Work request
Check each line of the data for the string "neutral". Report how many have it, and give nothing else.

Material for this task
——

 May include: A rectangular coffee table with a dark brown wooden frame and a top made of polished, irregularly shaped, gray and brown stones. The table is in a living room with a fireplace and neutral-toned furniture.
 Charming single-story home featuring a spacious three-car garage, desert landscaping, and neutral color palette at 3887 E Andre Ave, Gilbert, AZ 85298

——

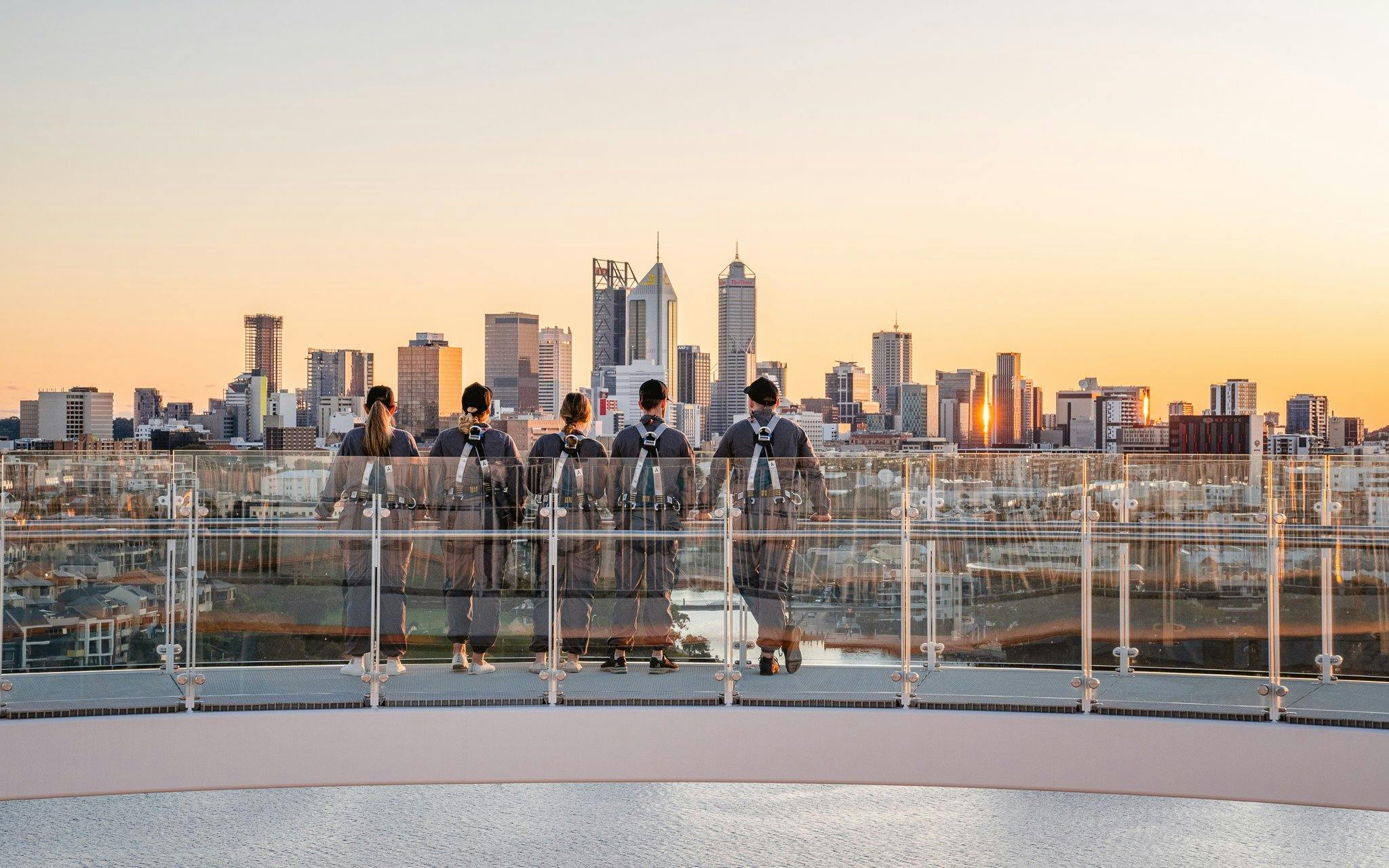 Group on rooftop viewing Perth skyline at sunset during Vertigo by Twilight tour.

——

Problem solution
2